Both teams will look forward to a better surface than the uneven early March grass at BMO Field. And some warmer weather.

It was two degrees Celsius at kickoff but fans were bundled up. Vanney skipped a coat, however, wearing a suit bolstered by a quilted waistcoat.

The forecast for the evening rematch calls for 13 Celsius, cool by Monterrey standards.

Osorio’s goal came after some extended Toronto pressure with Sebastian Giovinco finding the Canadian in front of goal. The ball was slightly behind him so Osorio pivoted like a ballet dancer and backheeled it home.

Osorio, who called the goal the most important of his career, said his instincts took over as he realized the ball was behind him.

Altidore evened the score

Osorio, who has 13 goals in 142 regular-season MLS starts, had missed a glorious opportunity after Tigres went ahead when he skied his shot from point-blank range from a low Altidore cross.

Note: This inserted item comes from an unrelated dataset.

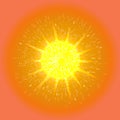 Orange sunburst background Vector yellow sun with rays and glow on red background. Sun Sunburst Vector illustration Royalty Free Stock Photo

A key stoppage-time tackle by Chris Mavinga preserved the tie.

Toronto had looked good to open the second half but Chilean international Eduardo Vargas turned the tide, outmuscling Mavinga before slamming a difficult right-footed shot past Alex Bono in the 52nd minute.

Altidore then evened the score, holding off Tigres Brazilian-born captain Juninho to fire a low shot home. Giovinco started the play by finding Marky Delgado, whose quick relay carved open the Mexican defence.

Altidore could have made it 2-1 in the 70th minute but the burly American could not control a wonderful pass from captain Michael Bradley that found him in front of goal. Defender Drew Moor then came close with a header off a Bradley free kick.

And Tigres seemed to escape a late handball in its penalty box.

Commissioner Don Garber has called the CONCACAF club championship a “referendum” for MLS in its bid to become the dominant circuit in North America.

Mexican teams have won the last nine editions of the tournament since it changed to a Champions League format in 2008-09. Mexican squads were runners-up in seven of those finals with Real Salt Lake (2010-11) and the Montreal Impact (2014-15) also making the final.